The courtship, love, and marriage of Robert and Elizabeth Browning form one of the most heart-warming stories of the Victorian literary age. She and her siblings had been shut out of most dealings with the world by a selfish, devoted, and tyrannical father. When she met Robert Browning, a passionate soul if there ever was one, and morally as upright and strong as an oak, it was as if the sun had broken in upon a life of constant twilight. She broke with her father, though she was never in good health — and that’s an understatement. She and Robert went on to enjoy a marriage of mutual artistic inspiration and love.
In those days, every American or Englishman who aspired to the heights of art went to Italy, and people went there also for the dry air and the healthy climate — so long as you kept clear of the marshlands and their malaria. The Brownings went to Italy too, and there they met and became close friends with another literary family, the Hawthornes, from New England. Many years later, Rose Hawthorne would edit and publish a collection of the letters her mother and father wrote. They too loved one another most dearly, and that does come across in their correspondence. In one letter, we hear that Nathanael has had migraines, and Elizabeth Browning wanted to come over with a special concoction for a remedy.
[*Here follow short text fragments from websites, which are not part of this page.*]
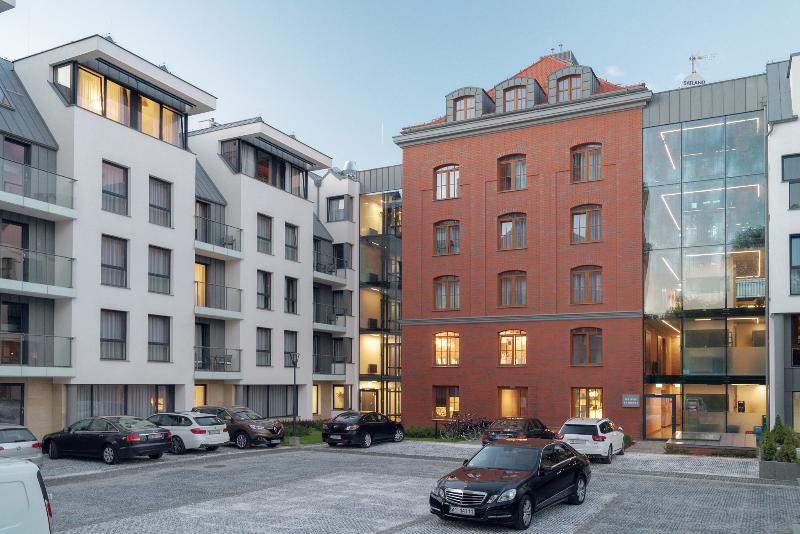 Fotos del hotel Almond Business & Spa:  22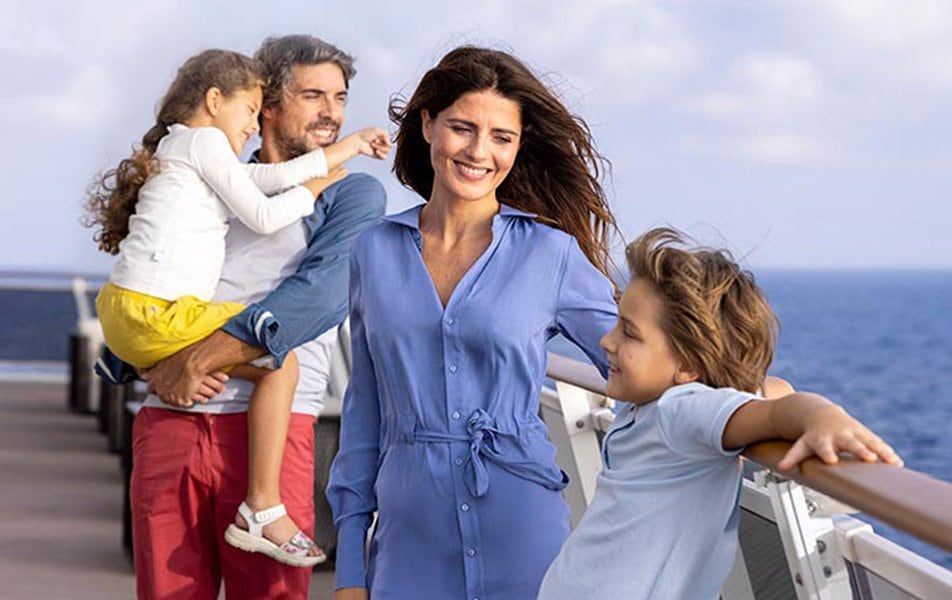 Family Comfort cruises | MSC Cruises Family Comfort cruises | MSC Cruises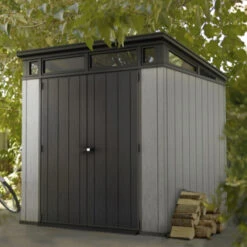 Keter Artisan 77 Tuinhuis -Pokon Verkoopwinkel 123 1731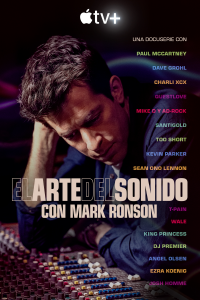 voir Watch the Sound with Mark Ronson saison 1 épisode 5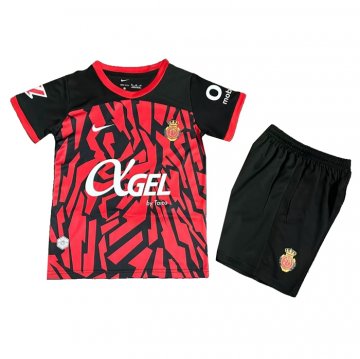 Camiseta Mallorca 1ª Nino 24-25
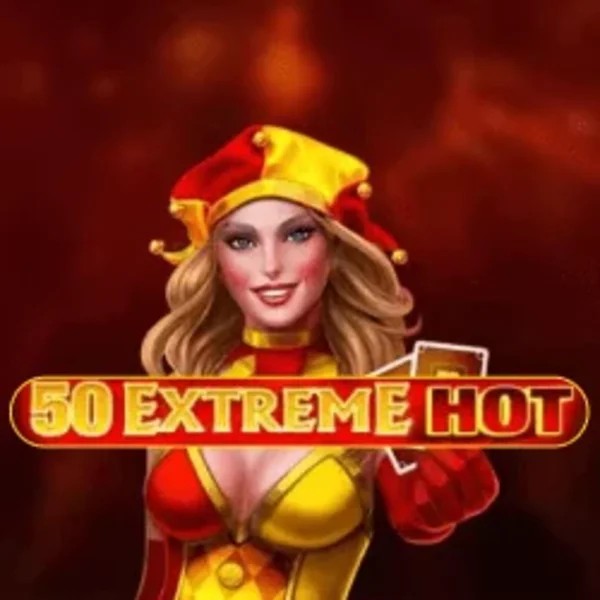 Slots logo of 50 Extreme Hot from Eurocoin Interactive at Sankra Casino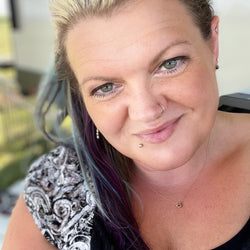 Amber Richardson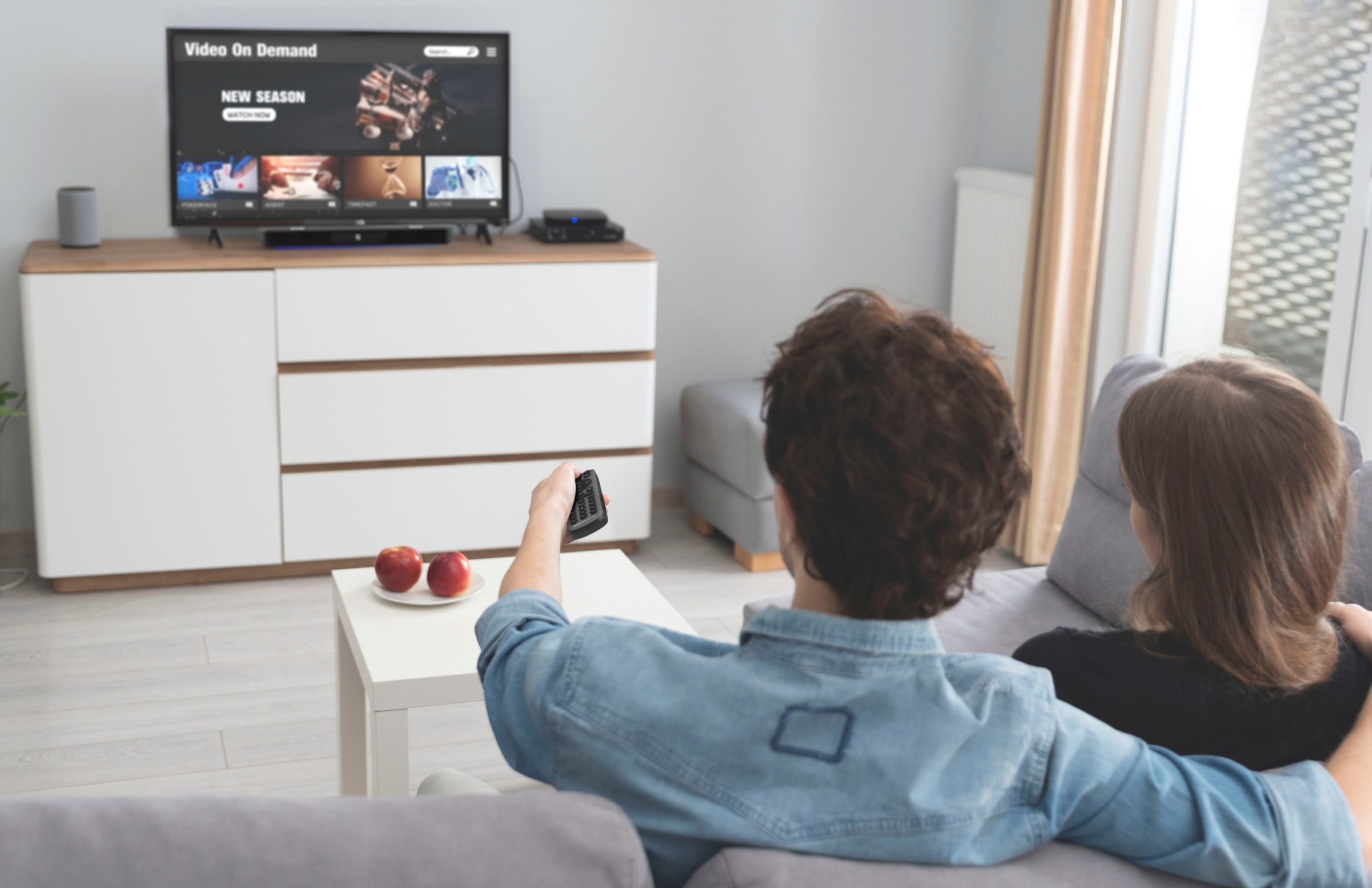 Creative Soundbar »Sound Blaster Katana V2X«, Bluetooth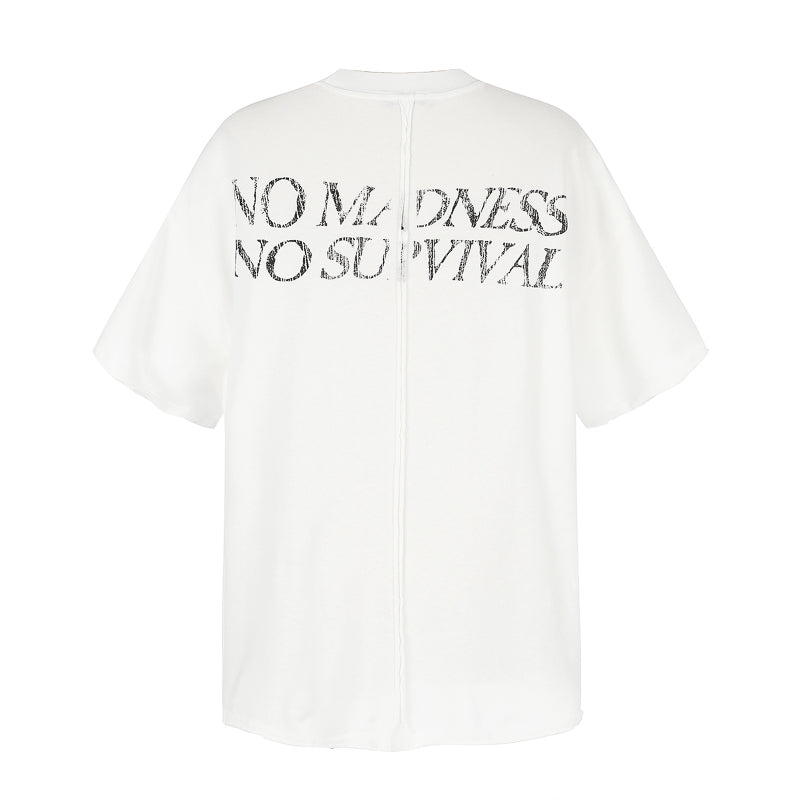 Art Graphic T-shirt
Happily married couples do seem to flourish in one another’s company, and if anybody was going to have a potion for headaches, it would be the near-cripple Elizabeth.
When she died, the bad-tempered poet Edward Fitzgerald — now most famous for his rather loose translation, from the Persian, of Omar Khayyam’s Rubaiyat — wrote that now at least people wouldn’t have to put up with more poems like her Aurora Leigh. Robert was outraged, and tore Fitzgerald to pieces in an angry poem; Robert Browning could pin a character as well as anybody this side of Shakespeare, so you wouldn’t want to get on his bad side. “Kicking you seems the common lot of curs,” he wrote, but then he thought of an even more appropriate way to give the man thanks, which I won’t mention. Surely Robert must often have turned, in his sorrow, to poems like ours today, which Elizabeth wrote in his honor before they were married. She called them “Sonnets from the Portuguese,” as if she had translated them, but they were hers entirely. She was, if anything, more popular as a poet than Robert was, at least during her lifetime, though now we recognize Robert as the greatest master of the dramatic monologue who ever lived.
If you expect this famous love poem to describe Robert’s smile, or other graces of his person, or the sensuous feelings he inspired in Elizabeth, you will be taken aback. Those things aren’t there. Instead, it seems that she loves Robert with a love that has restored to her a faith in God that she had lost, along with an aim beyond the world and its workaday life, a love that spirits us to realms of “ideal grace,” with that word “ideal” pronounced as three syllables, stressing that this grace takes us beyond matter; a love that sweeps us from earth to heaven. And so she ends by saying that if God wills it — if God gives the grace, “I shall but love thee better after death.” How meaningful that is, we may gather from her reasonable expectation when she wrote it that she would not live long, though Italy proved to be good for her and her husband, and she died at the age of 55.
How do I love thee? Let me count the ways. I love thee to the depth and breadth and height My soul can reach, when feeling out of sight For the ends of being and ideal grace. I love thee to the level of every day's Most quiet need, by sun and candle-light. I love thee freely, as men strive for right. I love thee purely, as they turn from praise. I love thee with the passion put to use In my old griefs, and with my childhood's faith. I love thee with a love I seemed to lose With my lost saints. I love thee with the breath, Smiles, tears, of all my life; and, if God choose, I shall but love thee better after death.
Love is the parent of beauty and truth.